Here we’ll discuss super cropping, a commonly-used high-stress training technique that forces your plants to redirect growth hormones and energy into lower and side branches, enabling the plant to “bush out” or create denser, more rich foliage capable of supporting larger, more potent buds come harvest time.
What is Super Cropping?
Super cropping is the practice of pinching and bending stalks and branches of your plant without damaging the limb’s exterior tissues. A fairly common practice, super cropping is usually done during vegetative growth and has been shown to be effective at spurring on new lower growth. As a result, these lower branches eventually develop into strong stalks capable of supporting larger buds come the flowering stage.
Super cropping effectively curbs the “apical dominance” of the marijuana plant. Apical dominance refers to the general growth pattern of the cannabis plant, a pattern that produces one main growing tip, the apical tip, and lower branches that receive less energy. This pattern of growth is what gives cannabis plants their Christmas tree-like appearance.
Typically, growers will bend the central, apical stalk during super cropping.
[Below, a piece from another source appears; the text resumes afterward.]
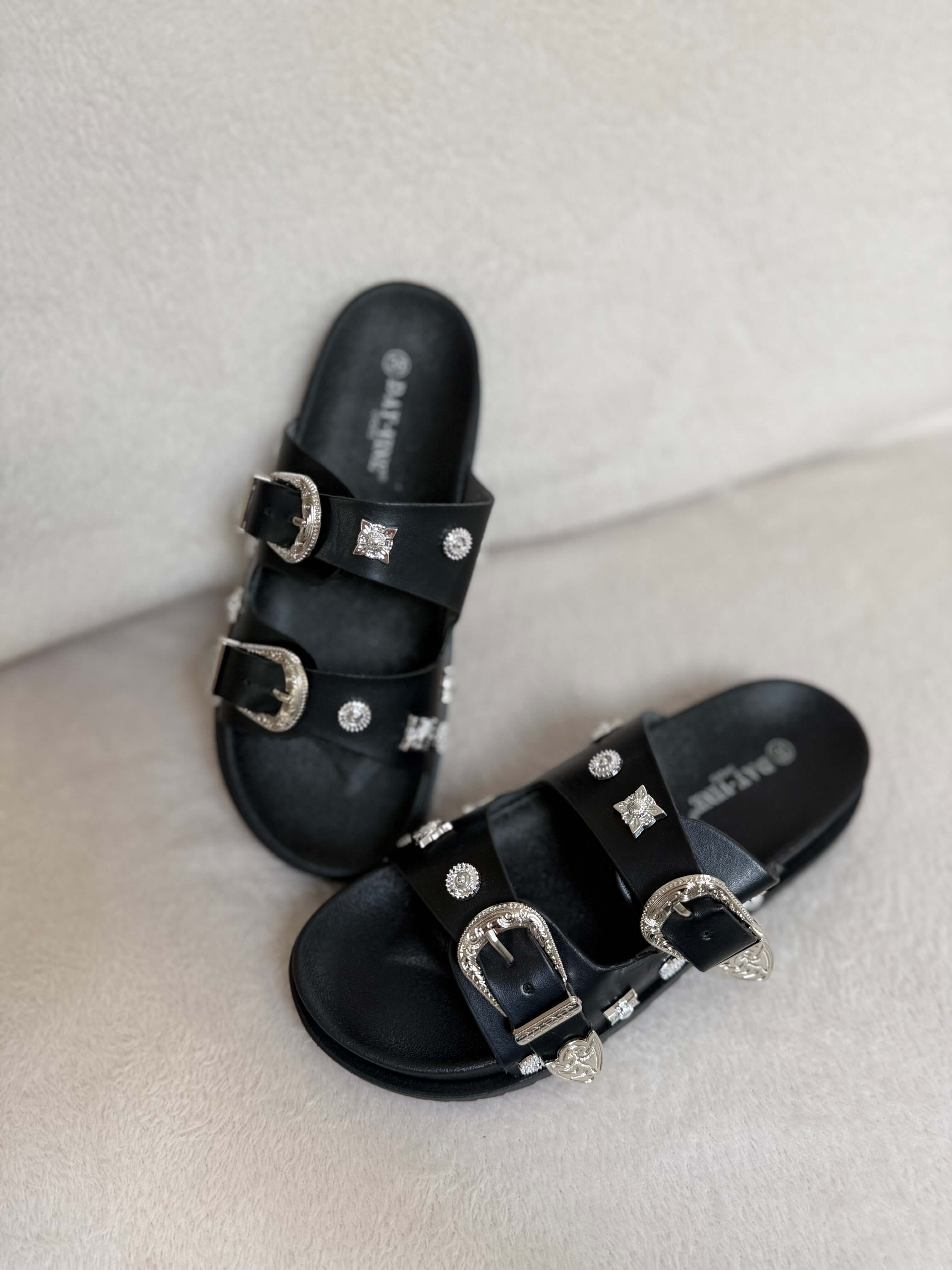 Claquettes noir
However, some growers, particularly when dealing with a well-established plant in the vegetative stage, may opt to bend and pinch some lower branches as well, particularly if they are inhibiting the penetration of light to lower stalks and bud sites. This is particularly important when working indoors under grow lights, as not to waste any light energy.
Why Super Crop Cannabis?
It’s easy to want to deal with your marijuana plants with kid gloves, never touching, rustling or disturbing them. It makes sense, after all: you’ve worked so hard to get them to where they are, and they’re starting to look happy and fill out. You’re anticipating the beautiful main cola forming at the top of your plant, and yet here you are being told to grab that beauty by the stalk and bend it in half until it nearly breaks. What for?
We must think of super cropping in terms of natural, native growth to understand its true purpose. In nature, marijuana plants react to stress in different ways, their primary defence being the production of psychoactive resin laden with THC, CBD, and other cannabinoids, meant to ward off predation.
This immune response is essentially what the cannabis growers are aiming to trigger by implementing high-stress training techniques such as super cropping. Triggering this response will help plants produce more vigorous growth, including sending out secondary shoots and developing lower bud sites.
Super cropping also enables the grower to alter the direction of their plant’s growth. Similar to some LSTs, such as tying and bending, super cropping offers the grower the opportunity to hold down some of their plant’s branches with zip ties, duct tape or plant stakes, forcing the plant to redirect energy in the direction the grower determines.
This makes super cropping a natural choice for growers working indoors and makes it particularly well-suited for SCROG (screen of green), SOG (sea of green), and various hydroponics applications, such as deep water culture, where a single plant is prominent in the setup.